■ GIVEN MATERIAL:
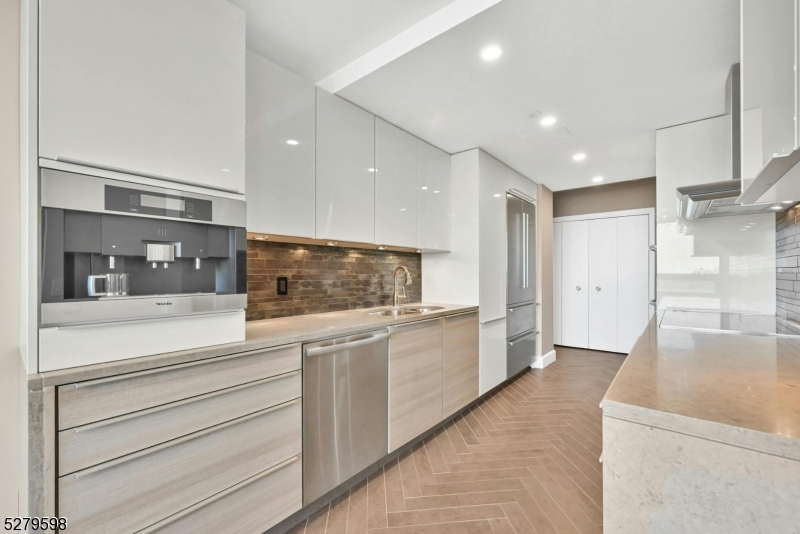 a open kitchen with white cabinets and stainless steel appliances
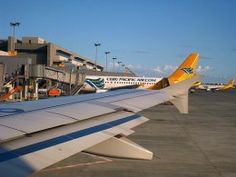 the wing of an airplane is shown with many other planes parked in the back ground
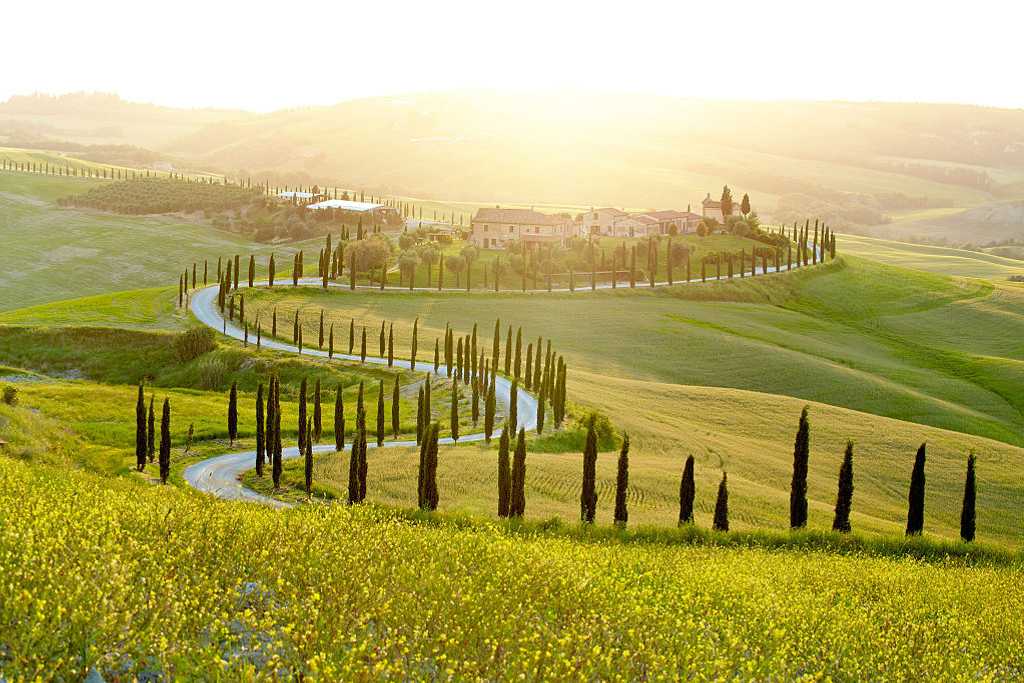 A farmhouse sitting in sunny fields in Tuscany.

■ WHAT YOU NEED TO DO:
An exact copy of every line above is needed, without the images.

■ ANSWER SPACE:
 a open kitchen with white cabinets and stainless steel appliances
 the wing of an airplane is shown with many other planes parked in the back ground
 A farmhouse sitting in sunny fields in Tuscany.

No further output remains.